A preoperatively recorded CT scan was used for manufacturing the titanium mesh according to the ideal anatomy of the mandible with respect to the nervus alveolaris inferior. Intraoperatively, blood from the cubital vein was drawn in four 10-mL glass tubes for A-PRF+ and two 10-mL plastic tubes for i-PRF (Process for PRF, Nice, France). To process the liquid i-PRF, plastic tubes were used to prevent the blood from coagulating. The solid A-PRF was processed by centrifugation of the blood in glass tubes. The tubes were placed in a centrifuge (Duo centrifuge; Process for PRF) and immediately centrifuged according to the LSCC established protocols (i-PRF: 60 g for 3 min; A-PRF+: 208 g for 8 min).12,14  The resulting A-PRF+ clots and the liquid i-PRF were isolated and combined with BO. The mesh was filled with the combination of BO, solid and fluid PRF (A-PRF+ and i-PRF; see Figures 5 through 7). In general, anesthesia was performed in a lingually positioned incision of the gingiva. After raising the mucoperiosteal flap and exposing the defect, the bone surface was slightly degloved to penetrate the cortical bone and increase bleeding from the jaw. After a trial positioning of the titanium mesh, a periosteal incision was performed to increase flap mobility that would allow wound closure after final placement of the titanium mesh. The mesh was then filled with a combination of the xenogeneic bone substitute material and PRF, prepared according to the LSCC. Afterward, the mesh was covered with a three-dimensional collagen matrix (Mucograft, Geistlich Biomaterials), which had demonstrated favorable tissue regeneration in our previous study.15  Finally, pressed A-PRF+ clots in the shape of membrane-like constructs were used to cover the collagen matrix above the titanium mesh. Apical matrix sutures were applied to provide a tension-free flap closure.

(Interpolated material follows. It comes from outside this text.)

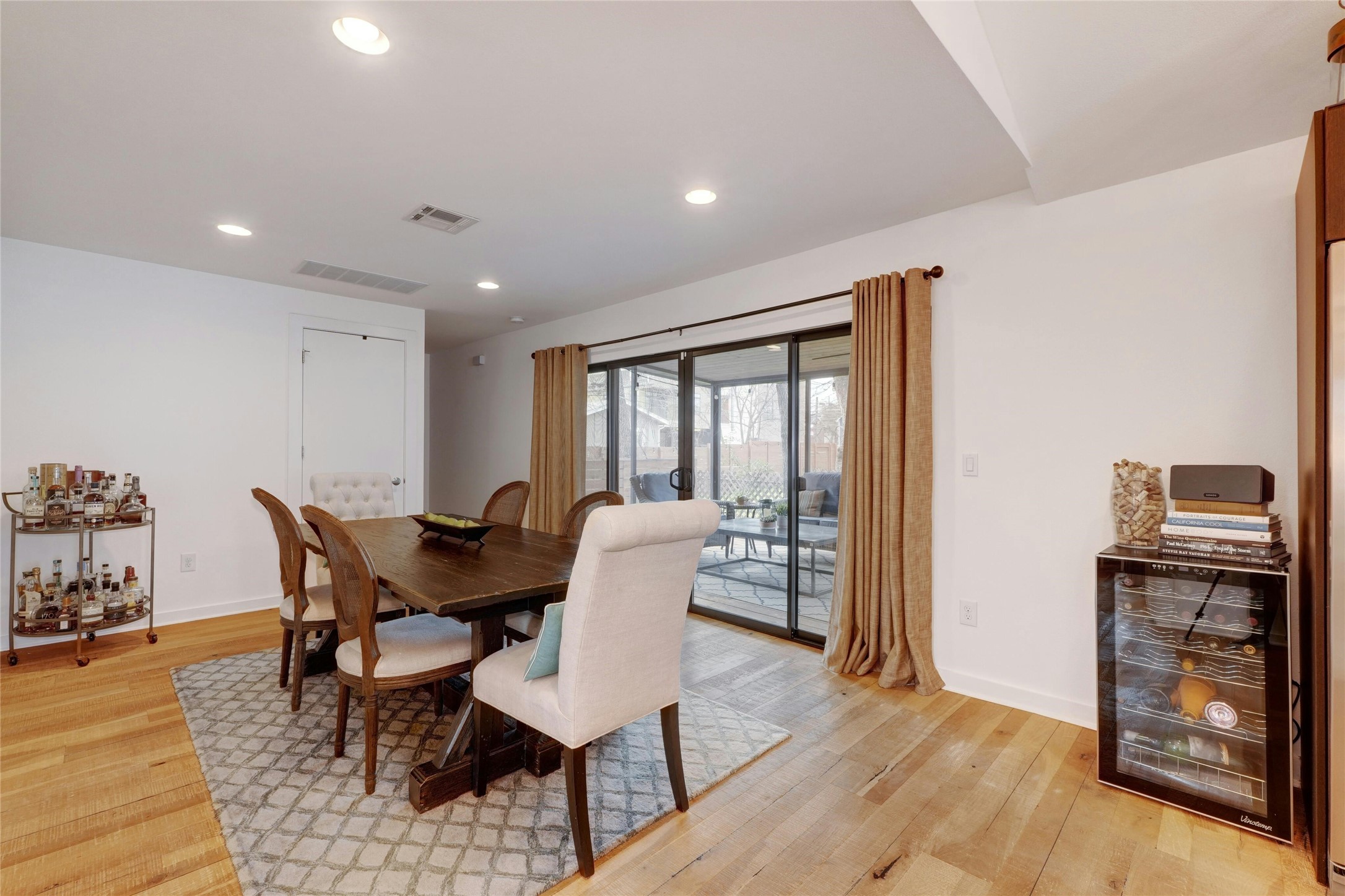 1907 East 14th Street, Unit A Austin, TX 78702 - Photo 18 of 35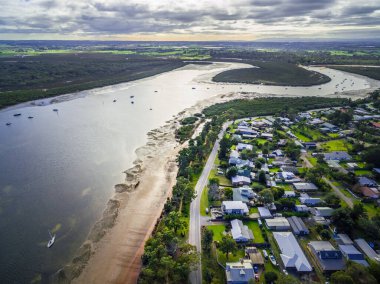 Warneet banliyösü, Rutherford deresi ve demirli balıkçı tekneleri. Melbourne, Victoira, Avustralya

No complications or soft tissue dehiscences were observed during the healing process. After an integration period of 8 months, the titanium mesh was removed and 6 implants (Straumann bone level, Straumann AG, Basel, Switzerland) were placed in the augmented region (Figures 8 and 9). Concurrently with the implant placement, bone biopsies were harvested with a trephine bur for histological investigation. After another healing period of 6 months, the implants were uncovered in combination with a vestibuloplasty to increase the peri-implant attached gingiva. A split-thickness flap was prepared and moved apically, while the peri-implant mucosa was covered with a three-dimensional collagen matrix (Mucograft, Geistlich Biomaterials). During an initial healing period of 5 days, an implant-retained splint was incorporated to prevent early relapse of the mucosa. Six weeks later, the implants were uncovered, and the final removable telescopic-retained prosthetics could be incorporated (Figure 10).

Figures 8–11

Figure 8. Clinical situation after removal of the titanium mesh and insertion of the implants in the regenerated mandible after a mean integration phase of the augmentation (8 months). Implants could be placed with high primary stability and in full length. Figure 9. Postoperative X-ray image after implant insertion in the regenerated mandible. Figure 10. Final prosthetic rehabilitation of the regenerated mandible. Figure 11. Histological analysis of the extracted bone biopsies. (a) Total scan of the biopsy with new bone formation reaching all parts of the biopsy (Azan staining, total scan ×4 magnification, scale bar = 500 μm). (b) New bone formation in direct contact with the BO granules at a higher magnification (Azan staining, ×200 magnification, scale bar: 100 μm). (c) granules embedded in vessel-rich connective tissue (Azan staining, ×400 magnification, scale bar = 20 μm). BO indicates Bio-Oss particles; NB, newly built bone; CT, connective tissue, black arrows, newly built bone; red arrows, newly formed vessel.

Figures 8–11

Figure 8. Clinical situation after removal of the titanium mesh and insertion of the implants in the regenerated mandible after a mean integration phase of the augmentation (8 months). Implants could be placed with high primary stability and in full length. Figure 9. Postoperative X-ray image after implant insertion in the regenerated mandible. Figure 10. Final prosthetic rehabilitation of the regenerated mandible. Figure 11. Histological analysis of the extracted bone biopsies. (a) Total scan of the biopsy with new bone formation reaching all parts of the biopsy (Azan staining, total scan ×4 magnification, scale bar = 500 μm). (b) New bone formation in direct contact with the BO granules at a higher magnification (Azan staining, ×200 magnification, scale bar: 100 μm). (c) granules embedded in vessel-rich connective tissue (Azan staining, ×400 magnification, scale bar = 20 μm). BO indicates Bio-Oss particles; NB, newly built bone; CT, connective tissue, black arrows, newly built bone; red arrows, newly formed vessel.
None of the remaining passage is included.